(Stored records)
○ ○ ○ ○ ○ ○ ○
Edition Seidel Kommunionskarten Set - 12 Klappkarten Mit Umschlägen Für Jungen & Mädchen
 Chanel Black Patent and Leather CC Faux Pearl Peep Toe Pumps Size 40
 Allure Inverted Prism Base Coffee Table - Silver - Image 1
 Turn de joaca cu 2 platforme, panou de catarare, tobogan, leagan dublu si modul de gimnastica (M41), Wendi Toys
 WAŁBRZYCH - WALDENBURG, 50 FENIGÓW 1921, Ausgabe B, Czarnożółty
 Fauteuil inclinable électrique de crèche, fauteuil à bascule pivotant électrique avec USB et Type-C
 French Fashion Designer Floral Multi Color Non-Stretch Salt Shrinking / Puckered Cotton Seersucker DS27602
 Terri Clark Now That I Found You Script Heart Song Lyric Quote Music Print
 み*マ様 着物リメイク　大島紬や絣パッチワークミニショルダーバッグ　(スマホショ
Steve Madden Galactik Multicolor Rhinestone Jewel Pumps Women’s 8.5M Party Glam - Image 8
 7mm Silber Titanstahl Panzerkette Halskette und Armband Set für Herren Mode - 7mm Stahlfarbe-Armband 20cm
○ ○ ○ ○ ○ ○ ○
● **Task instructions**
Of the lines above, show those in which "Image" appears.

● **Result of this exercise**
 Allure Inverted Prism Base Coffee Table - Silver - Image 1
Steve Madden Galactik Multicolor Rhinestone Jewel Pumps Women’s 8.5M Party Glam - Image 8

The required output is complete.